Verso che cosa cammina l’umanità intera, legata con i molteplici vincoli dei problemi e delle reciproche dipendenze, che si estendono a tutti i popoli e continenti? Verso che cosa cammina il nostro continente, e su di esso tutti quei popoli e tradizioni che decidono della vita e della storia di tanti paesi e di tante nazioni?

Verso che cosa cammina l’uomo?

La società e gli uomini nel corso di questi quindici secoli, che ci separano dalla nascita di san Benedetto da Norcia, sono diventati gli eredi di una grande civiltà, gli eredi delle sue vittorie, ma anche delle sue sconfitte, delle sue luci, ma anche delle sue oscurità.

Si ha l’impressione di una prevalenza dell’economia sulla morale, di una prevalenza della temporalità sulla spiritualità.

Da una parte, l’orientamento quasi esclusivo verso il consumismo dei beni materiali toglie alla vita umana il suo senso più profondo. Dall’altra parte, il lavoro sta diventando in molti casi una costrizione alienante per l’uomo, sottomesso ai collettivi, e si stacca, quasi ad ogni costo, dalla preghiera, togliendo alla vita umana la sua dimensione ultra-temporale.

Tra le conseguenze negative di una simile preclusione ai valori trascendenti una ve n’è che oggi preoccupa in modo particolare: essa consiste nel clima sempre più diffuso di tensione sociale, che tanto frequentemente degenera in episodi assurdi di efferata violenza terroristica. L’opinione pubblica ne è profondamente scossa e turbata. Solo la ricuperata consapevolezza della dimensione trascendente del destino umano può conciliare l’impegno per la giustizia ed il rispetto per la sacralità di ogni vita umana innocente. Per questo la Chiesa italiana si raccoglie oggi in particolare, accorata preghiera.
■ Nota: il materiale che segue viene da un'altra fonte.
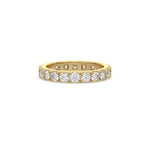 This yellow gold ring displayed in front view is made with brilliant cut round diamonds and set in a beautiful pave setting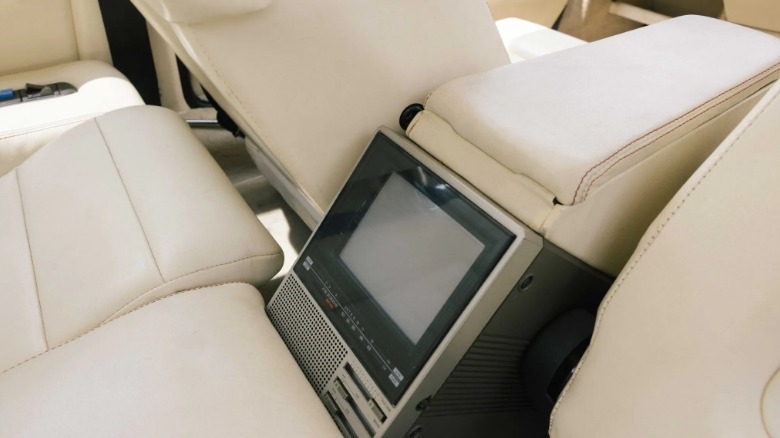 A close-up of the rear seat TV showing no rear legroom but lots of beautiful white leather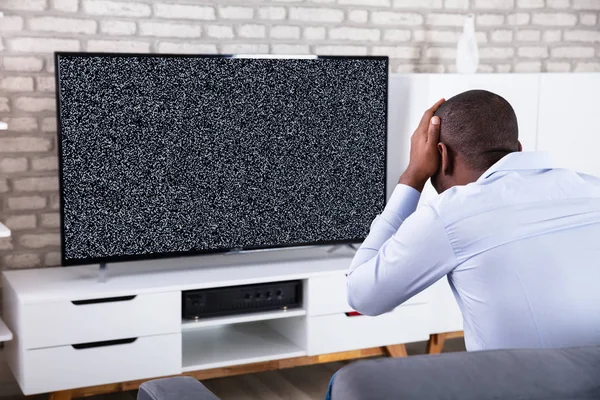 Afrikanischer Mann Berührt Seinen Kopf Der Nähe Des Fernsehens Und — Stockfoto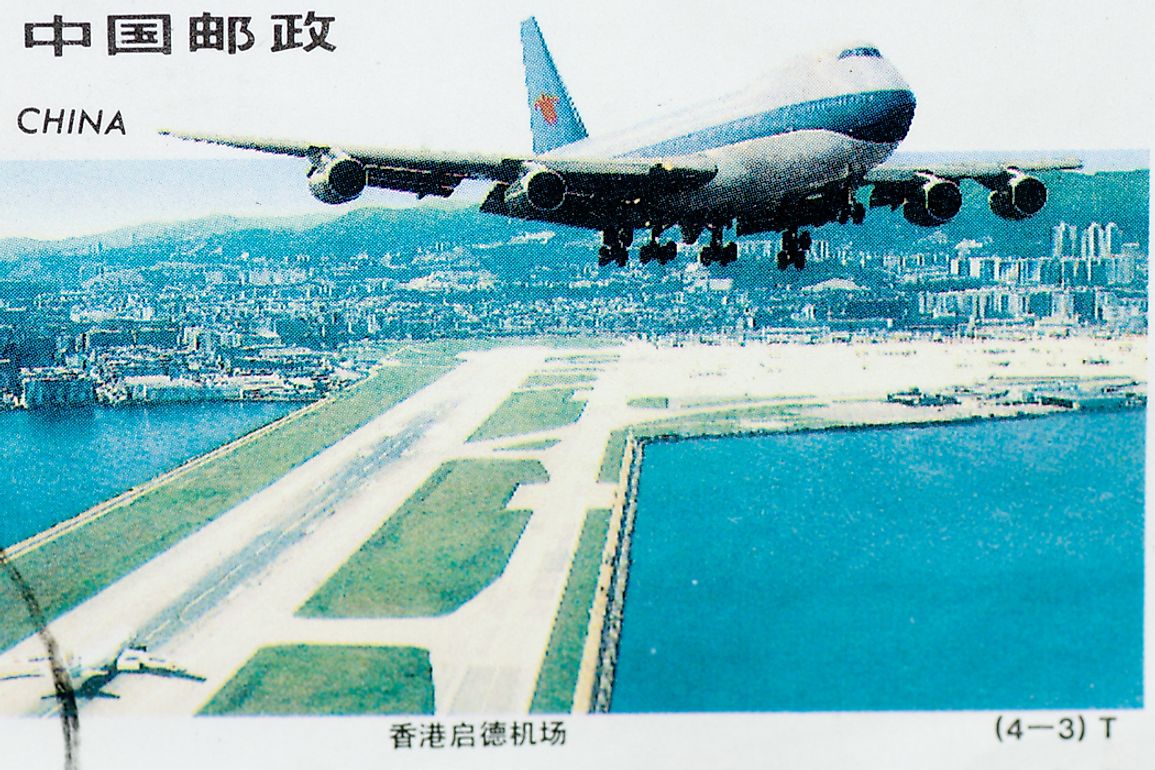 A stamp showing the once-harrowing but now demolished Kai Tak Airport in Hong Kong.Editorial credit: HUANSHENG XU / Shutterstock.com.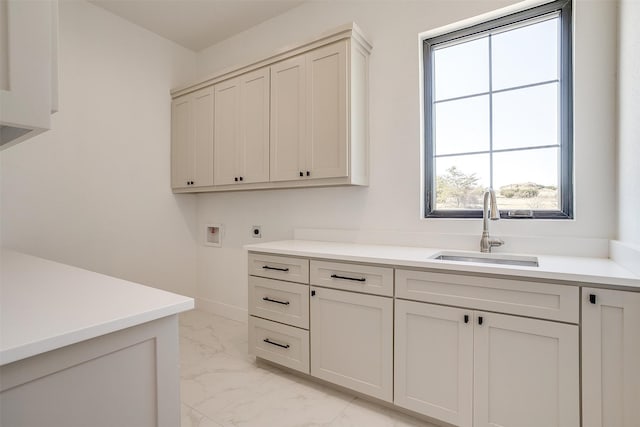 washroom featuring cabinets, washer hookup, electric dryer hookup, and sink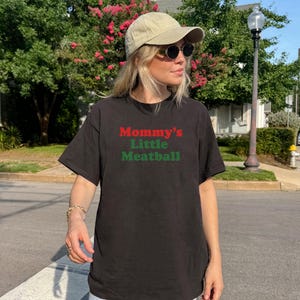 May include: Black t-shirt featuring the text "Mommy's Little Meatball" in red and green. The casual tee is suitable for everyday wear. The image is taken outdoors on a sunny day.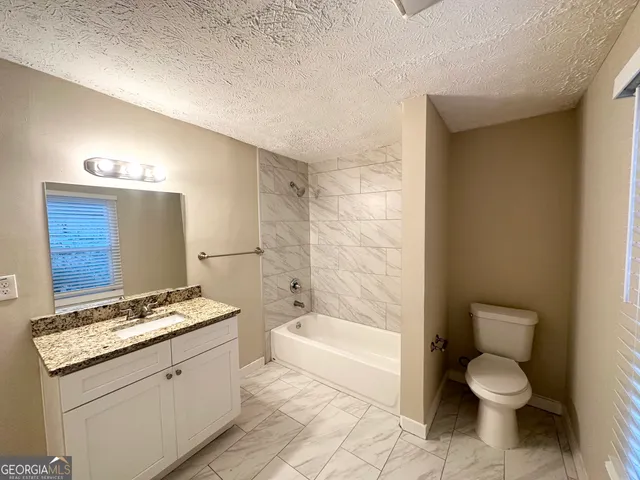 a bathroom with a granite countertop toilet a sink and bathtub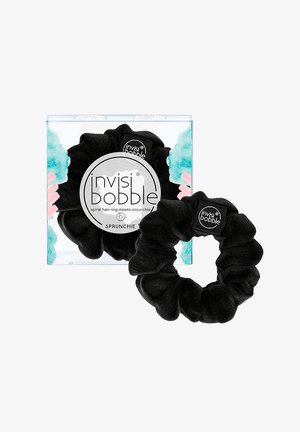 Zwarte Invisibobble scrunchie naast de doorzichtige doosverpakking met blauwe en roze accenten en zichtbaar merktekst.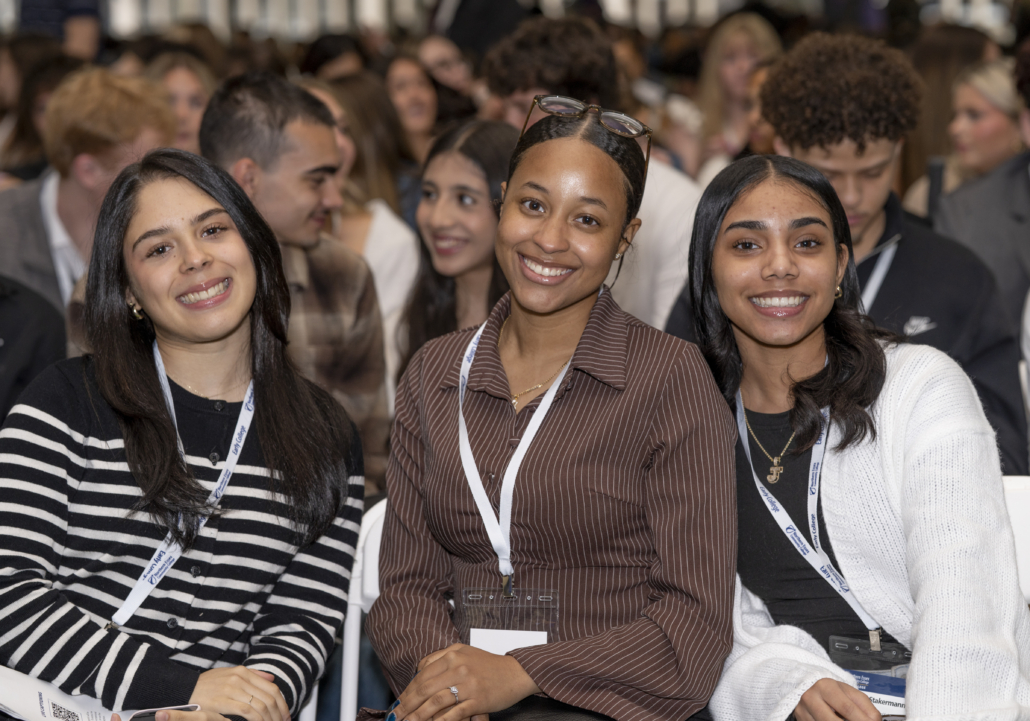 three young women smile at camera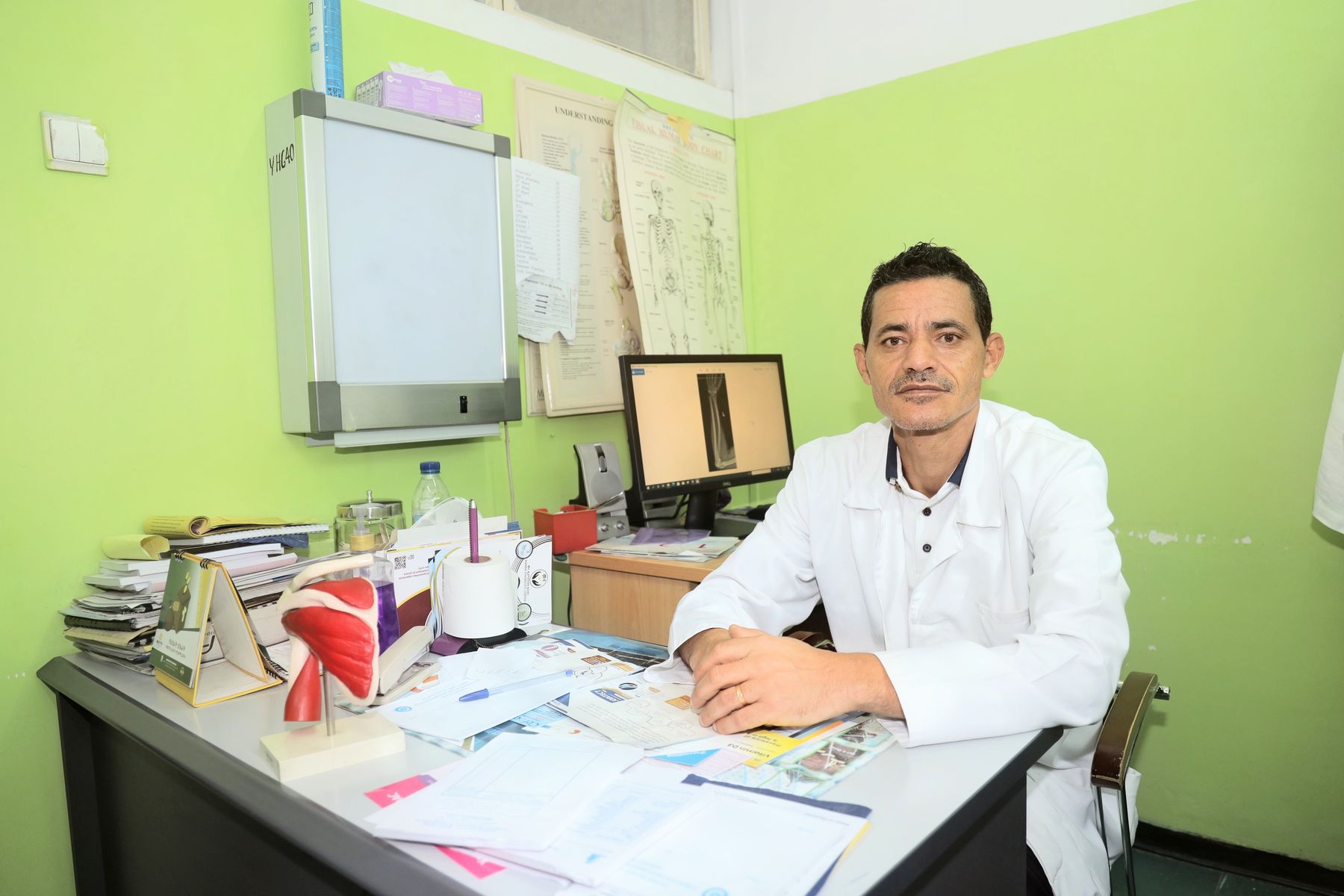 A doctor seated at his desk in an outpatient consultation room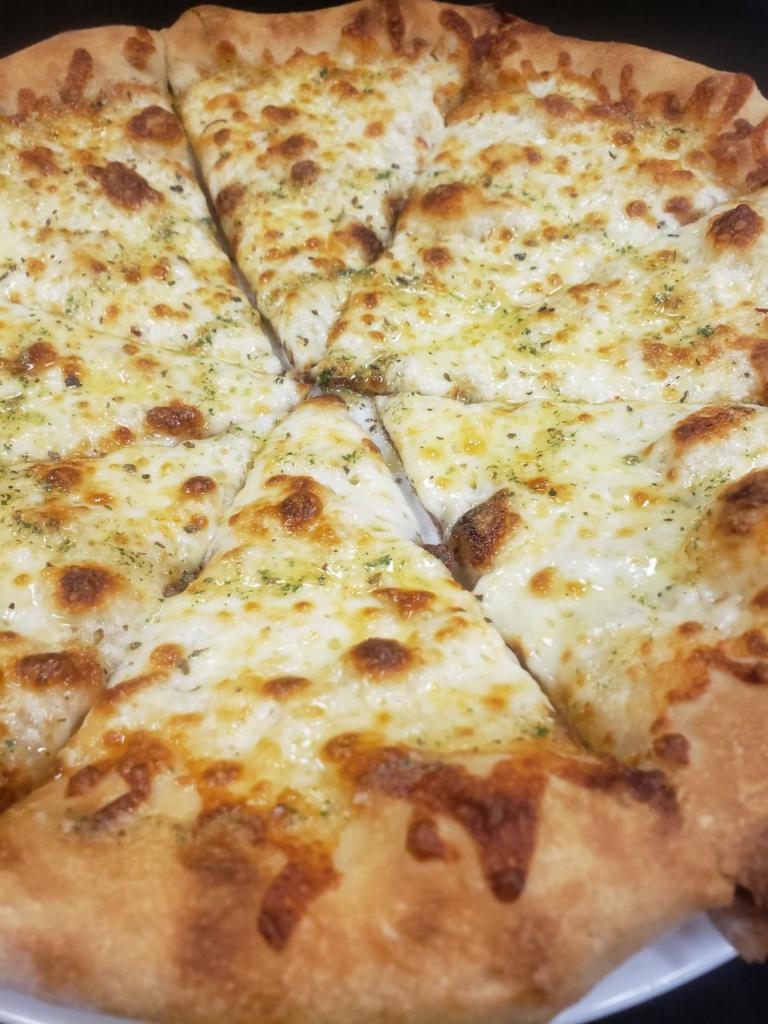 White Pizza  · Mozzarella, Italian herbs, garlic Parmesan drizzle.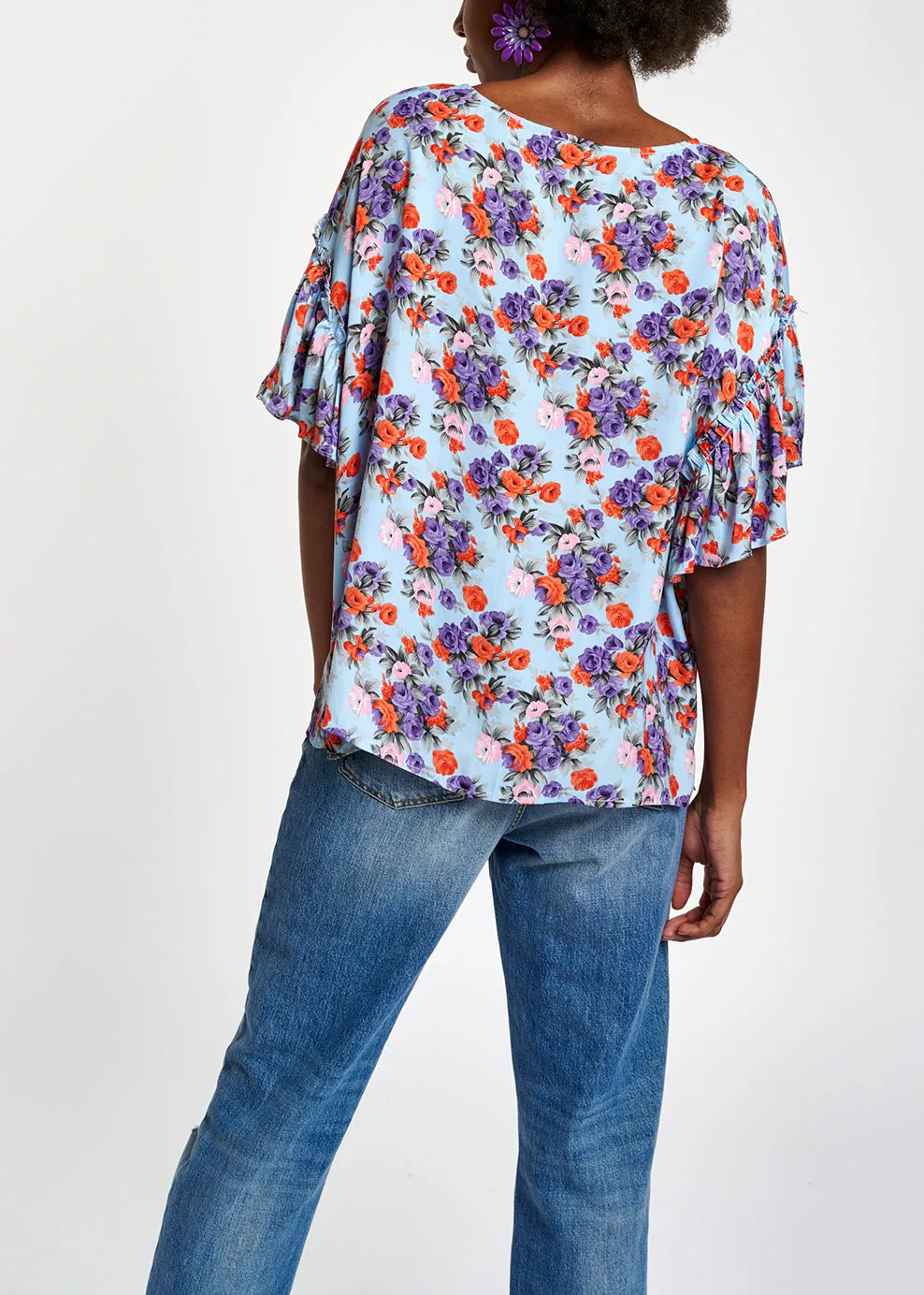 Light blue floral ruffle-sleeved top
Non si può vivere per il futuro senza intuire che il senso della vita è più grande della temporalità, che è al di sopra di essa. Se le società e gli uomini del nostro continente hanno perso l’interesse per questo senso, devono ritrovarlo. Possono, a questo scopo, tornare indietro di quindici secoli? ai tempi nei quali nacque san Benedetto da Norcia?

No, tornare indietro non possono. Il senso della vita devono ritrovarlo nel contesto dei nostri tempi. Non è possibile diversamente. Non devono e non possono tornare indietro ai tempi di Benedetto, ma devono ritrovare il senso dell’esistenza umana sulla misura di Benedetto. Solo allora vivranno per il futuro. E lavoreranno per il futuro. E moriranno nella prospettiva dell’eternità.

Se il mio predecessore Paolo VI ha chiamato san Benedetto da Norcia ad essere il Patrono d’Europa, è perché egli potrà aiutare a questo scopo la Chiesa e le nazioni d’Europa. Auspico di cuore che questo odierno pellegrinaggio nel luogo della sua nascita possa servire a tale causa.